Wednesday, 11 September 2013

The Weeds of Anger

Chapter 16 of Jerry Bridges book Respectable Sins is entitled “The Weeds of Anger”.  He says, “We tend to think of our anger in terms of episodes. We get angry, and then we get over it…The relationship has been scarred but not broken. It’s not a great way to live with one another, but it’s tolerable.  Anger is a sin.  In Scripture anger is associated with such ugly sins as bitterness, clamor, wrath, slander, malice, and obscene talk. It is also included in a similar list of despicable sins in 2 Corinthians 12:20. Clearly, anger does not keep good company.

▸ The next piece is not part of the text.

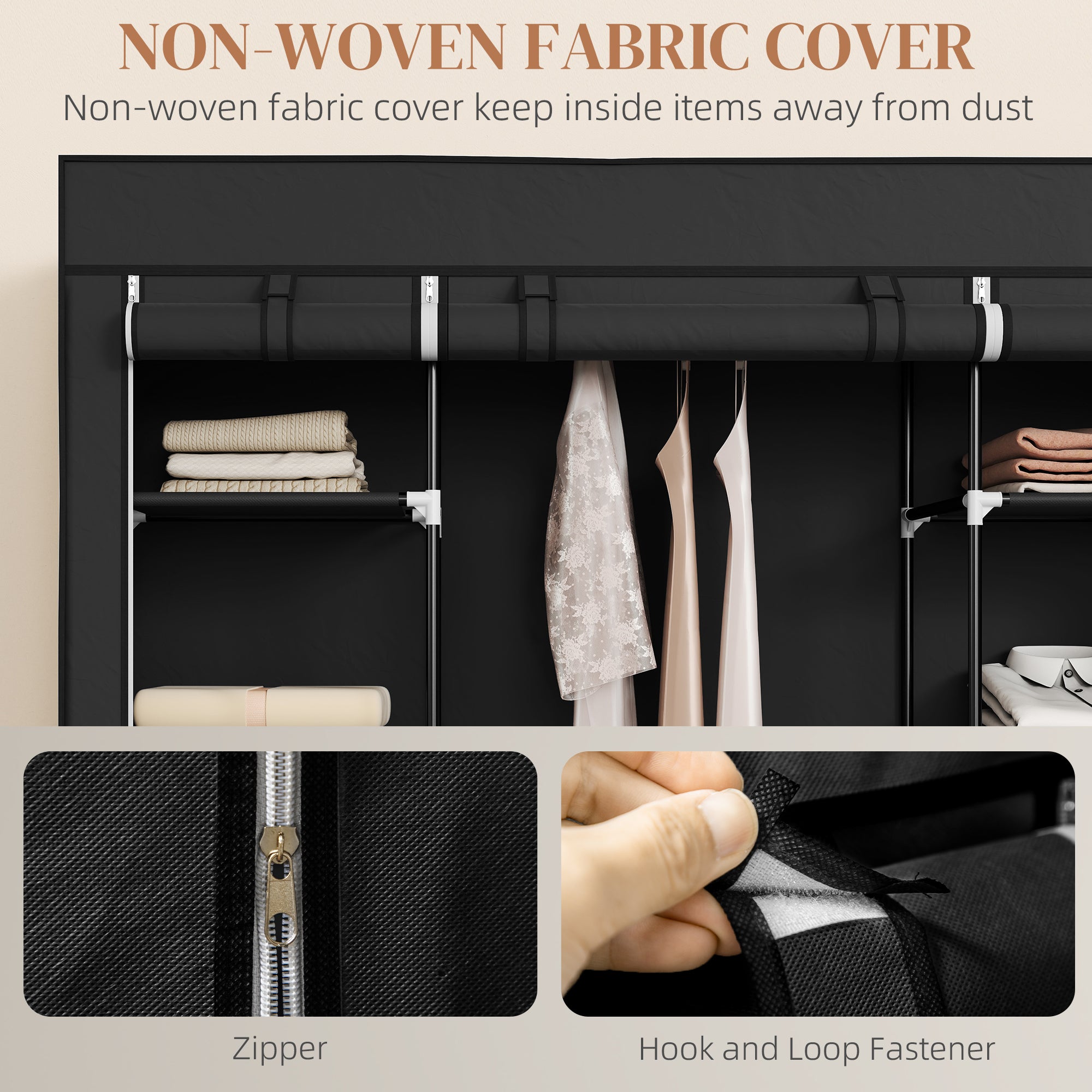HOMCOM Portable Wardrobe, Foldable Fabric Wardrobe, 150 x 43 x 162.5cm, Clothes Storage Organiser with Hanging Rail, Shelves, Fabric Cover for Bedroom, Black - North Peak Garden Furniture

In the long run, anger does irreparable harm to relationships.  In reality most of us get our buttons pushed by something or someone at one time or another.  Invariably our response when accused of being angry is to be defensive. “Well if you would… I wouldn’t”; “you never…and that’s why…”  We love to blame our anger on the fact that we were short changed in childhood;  that we were misunderstood by our teachers; that our siblings took advantage of us; that our boss is a jerk, the kids are too noisy, etc.

This is not to discount some horrific things that have happened to some people in the past.  However we have a choice, in fact anger is a choice.  No one makes us angry, we chose to get angry.

Here are some of Bridges thoughts on dealing with anger. 

Let me give three basic directions (for dealing with your anger). First, we must always look to the sovereignty of God. God doesn’t cause people to sin against us, but He does allow it, and it is always allowed for a purpose — most often our own growth in Christlikeness.

Second, we should pray that God will enable us to grow in love.  God is love and He is the source of our ability to love.  If you are truly a born again Christian you have received the Fruit of the Spirit which includes love.

The third direction is to learn to forgive as God has forgiven.  I suspect that much of our anger is not a result of significant injustices or wrongs against us but is the manifestation of our own pride and selfishness.

 

 

 

Monday, 9 September 2013

Delicate Balance

21 you, then, who teach others, do you not teach yourself? Romans 2:21(a)

There are a number of Bible verses that perplex or confound me.  (Translated I don’t understand them or I do understand them but don’t like what they say)  Such is the case with Ephesians 5:25-27 which says:

25 Husbands, love your wives, as Christ loved the church and gave himself up for her, 26 that he might sanctify her, having cleansed her by the washing of water with the word, 27 so that he might present the church to himself in splendor, without spot or wrinkle or any such thing, that she might be holy and without blemish.

So if I understand this correctly not only am I to love my wife to the depths we were loved by Jesus “But” (I hate buts) I am to help her to become more like Jesus such that she is becoming more radiant, more holy, and without a blemish.  Oh, is that all?

I’m personally doing a lousy job becoming more holy – forget radiant and unblemished.  How presumptuous of me to think I can help my wife develop spiritually.  News flash – God was well aware of my deficiencies (and yours) when He gave me this assignment.

My choices seem to be (a) to ignore this verse, assuming I must be misinterpreting it;
(b) march in and hand my wife a list of areas where I perceive she could grow spiritually; or (c) take the coward’s way out.

Ignoring God is never a good choice.   Running to my wife with a list would be almost as stupid.  Thus, I would opt for the coward’s way out.

My plan is to go to my wife, tell her how much I love her, read the passage to her, and then ask her how she thinks I can best help her to become more radiant and more like Jesus.  She might say that she does not know and asks me my opinion.  Unless I’m feeling particularly spiritual I will not give her my opinion.  For I know that if I were foolish enough to answer her things could get ugly.  Even in what I consider an outstanding marriage, answering that question would be akin to answering the question “does this dress make me look fat?”